After watching so many Italian films from the 50s and 60s about the harsh lives of prostitutes and hustlers, it was kind of fun to watch the silly, lightweight 1963 comedy Yesterday, To-day, and To-morrow (Ieri, Oggi, Domani). The film's comprised of three short films, each starring Sophia Loren and Marcello Mastroianni, and each having to do with a romantic relationship between the two being complicated by trivial or absurd developments. I would've liked the film's characters to have had a little more to them, but a lot of mileage is gotten just from having these two attractive movie stars being so diverted from their goals.
In the first story, Loren and Mastroianni are a married couple whose only income is that which Loren makes illegally selling cigarettes. When authorities come to repossess their furniture for Loren's failure to pay up on debts, the couple hides their furniture in other homes. When it seems Loren might be arrested instead, they discover that Loren can avoid prison time so long as she's pregnant or nursing a child, which leads to Mastoianni's stamina being tested as he's required to impregnate Loren constantly. Somehow Loren manages never to look dirt poor or like someone who's given birth to seven kids in rapid succession.
It's the longest and weakest of the three stories--it's no fun seeing Loren pregnant, however unconvincingly, and there's a lot of business about everyone in town helping the couple for no apparent reason.
The second story, the shortest, involves Loren driving Mastroianni around in a Rolls-Royce. She's the wife of a wealthy politician and spends the vignette trying to seduce Mastroianni, while meanwhile she's amusingly unaware of what a bad driver she is, hitting the rear of every car she stops behind much to Mastroianni's consternation. They both look great in this segment and the comedy's mild enough you can just enjoy the coolness.
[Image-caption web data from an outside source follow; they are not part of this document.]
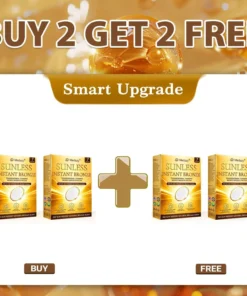 Medazy® 𝐒𝐮𝐧𝐥𝐞𝐬𝐬 𝐈𝐧𝐬𝐭𝐚𝐧𝐭 𝐁𝐫𝐨𝐧𝐳𝐞 𝐓𝐚𝐧𝐧𝐢𝐧𝐠 𝐌𝐢𝐜𝐫𝐨𝐧𝐞𝐞𝐝𝐥𝐞 𝐏𝐚𝐭𝐜𝐡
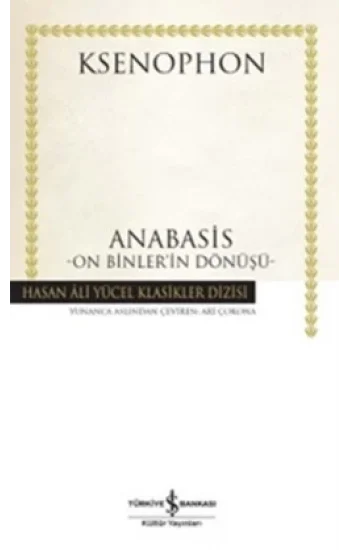 Anabasis - On Binlerin Dönüşü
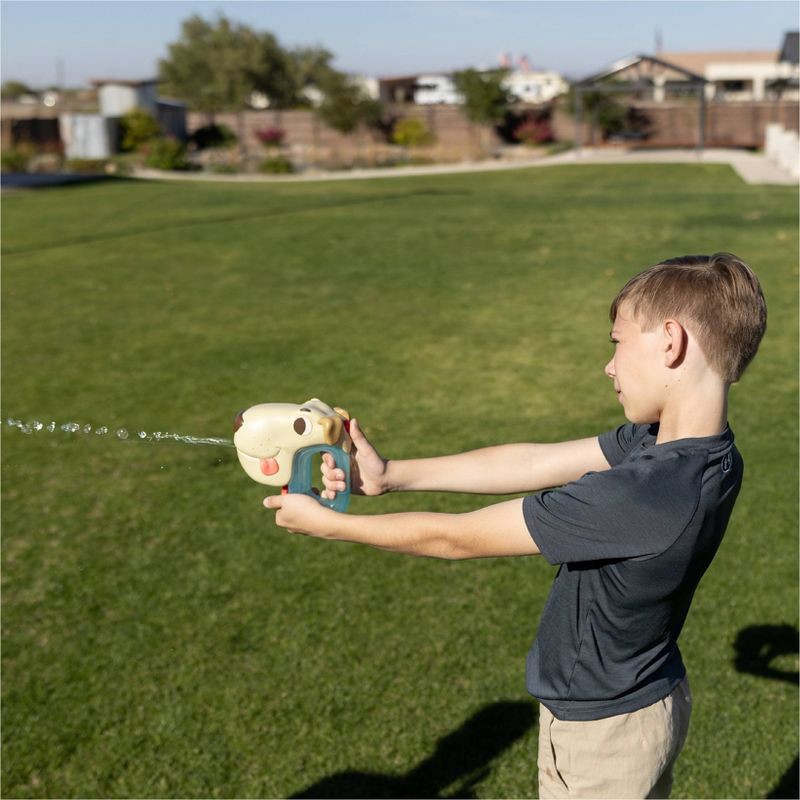 slide 6 of 7, Chuckle & Roar Squirty Squirts Electric Water Blaster - Dog, 1 ct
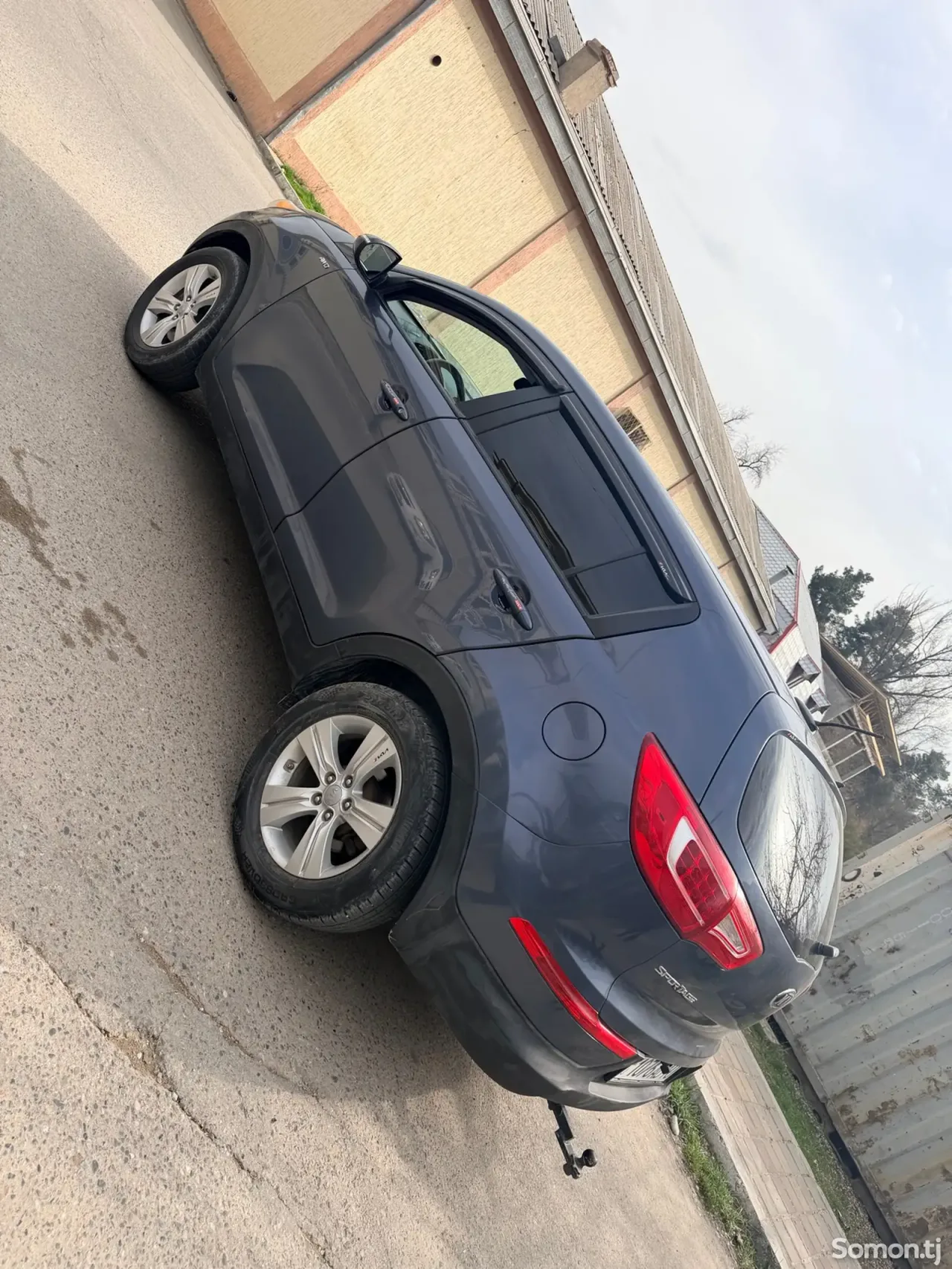 Kia Sportage 2013 · 2.4 AT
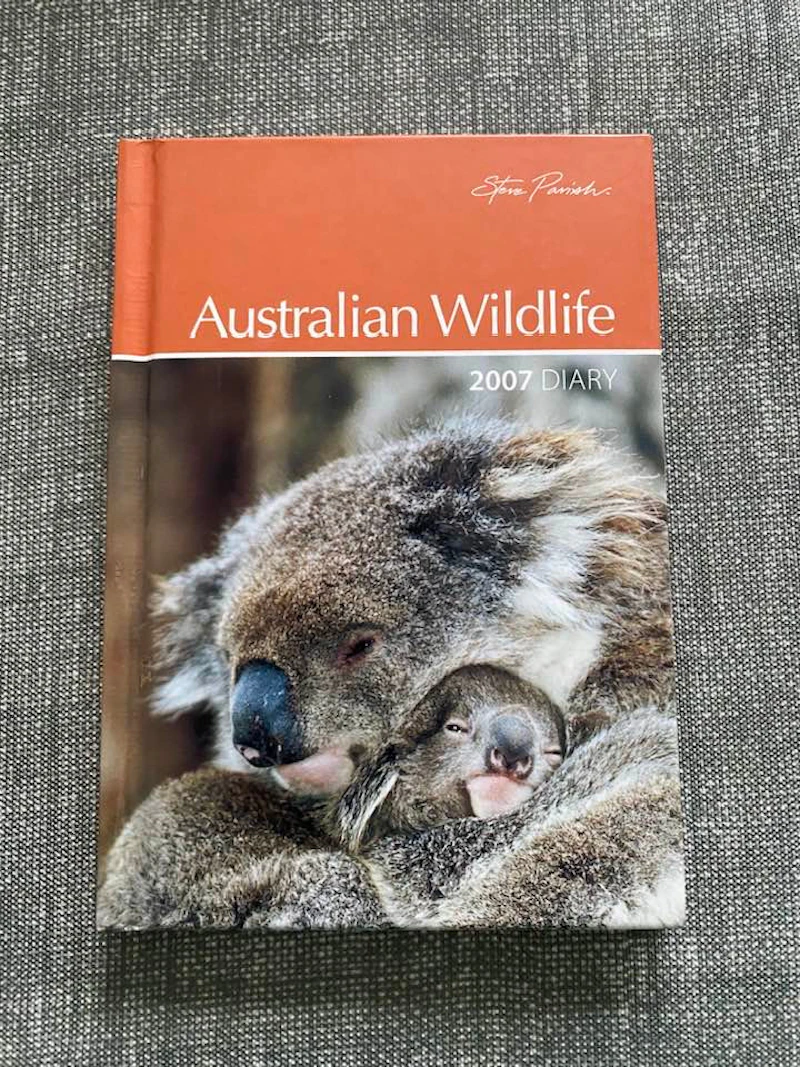 Steve Parish - Australian Wildlife 2007 Diary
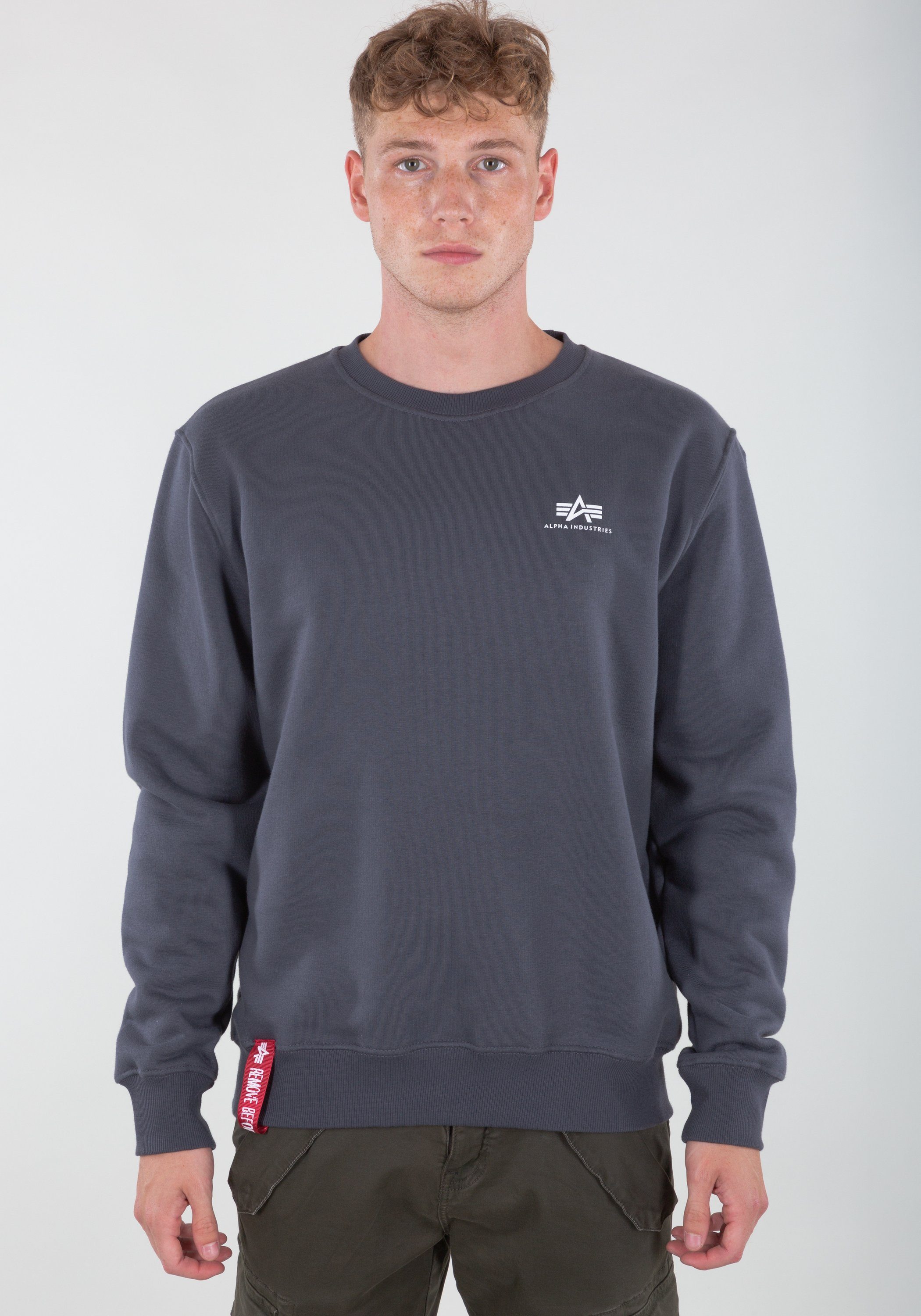 Alpha Industries Sweater Alpha Industries Men günstig online kaufen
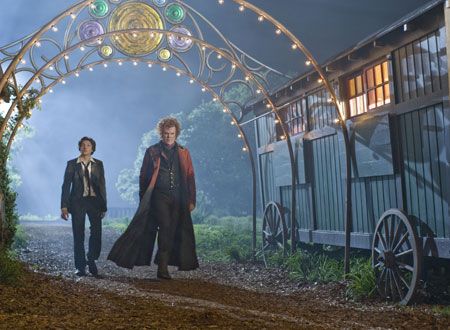 映画『ダレン・シャン』の画像（3枚目）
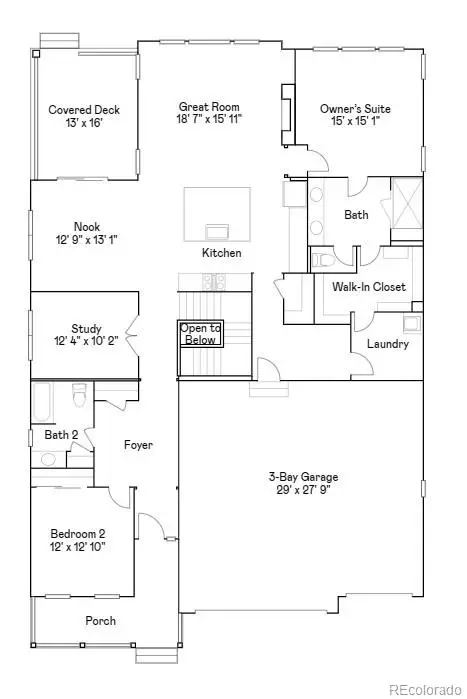 1199 Morning Side Drive, Erie, CO 80516 - Image #2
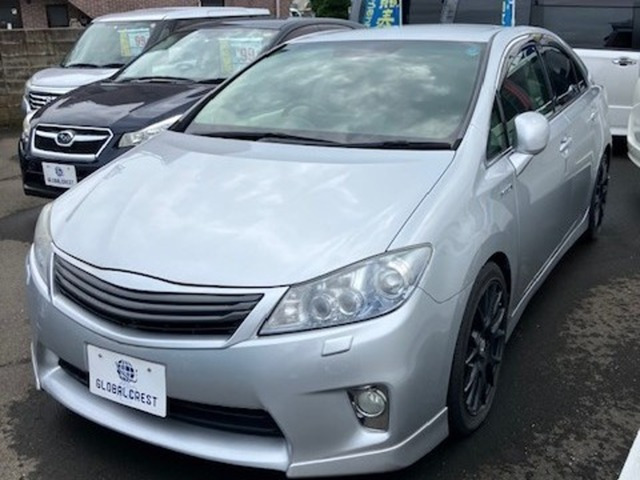 SAI 2.4 S LEDエディション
In the third story, Loren's a call girl and Mastroianni's one of her clients. The story opens with the best bit in the movie; a young man training to be a priest accidentally spies on Loren arranging plants on her balcony while only wearing a towel.
I suspect Loren must have very small nipples.
But I don't know--the movie ends with one of the most frustrating strip teases in history. Though I imagine it would've been ten times as aggravating if I thought there was any chance of Loren getting naked. But not only do I know Loren's always been morally opposed to this, there's a punchline I saw coming a mile away that I knew would make her stop just before removing her bra.
Great, thanks. It's hard to laugh at Mastorianni's frustration when you so sympathise with it.
The movie was released in 1963 but for some reason it won the Academy Award for best foreign language film for 1964. Which is well for it, as in 1963 it would've been up against Fellini's 8 1/2 and Kurosawa's High and Low. Though I would say 1964's Onibaba was a superior film.